# Great amp tech in the GTA? (vintage Fender)



## Beano Addict (Jun 26, 2013)

I'm in Scarborough and would prefer someone who's close to me if possible. I'm aware of SuperFuzz Audio. They do good work but it is a major pain to get to and they're usually so backed up, I could be without my amp for weeks or months.

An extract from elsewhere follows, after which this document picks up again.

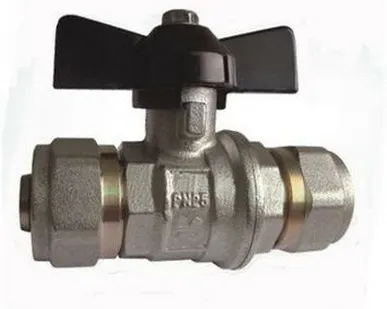 фото Кран шаровый 3/4 в/в бант MP-У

Looking to Blackface a '73 Super Reverb and have it biased with NOS tubes. Nothing special but I want someone who's trustworthy and knowledgeable to work on this one.

Any ideas?


----------



## knight_yyz (Mar 14, 2015)

Steve Moratto
[email protected]
416-561-4101


----------



## Beano Addict (Jun 26, 2013)

Any other suggestions, guys? Just want 1-2 more in case he's too busy.


----------



## knight_yyz (Mar 14, 2015)

He's the best of the best


----------



## neilg1 (Aug 21, 2019)

Tex at Shyboy and Tex on Queen....


----------



## Budda (May 29, 2007)

Chris church in hamilton.


----------



## Markus 1 (Feb 1, 2019)

Moratto
He's a true gentleman and knows his stuff


----------



## madhermit (Dec 31, 2017)

Moratto. Great guy. Up front. I eyeball any of his amps that become available. He’s in south Pickering.


----------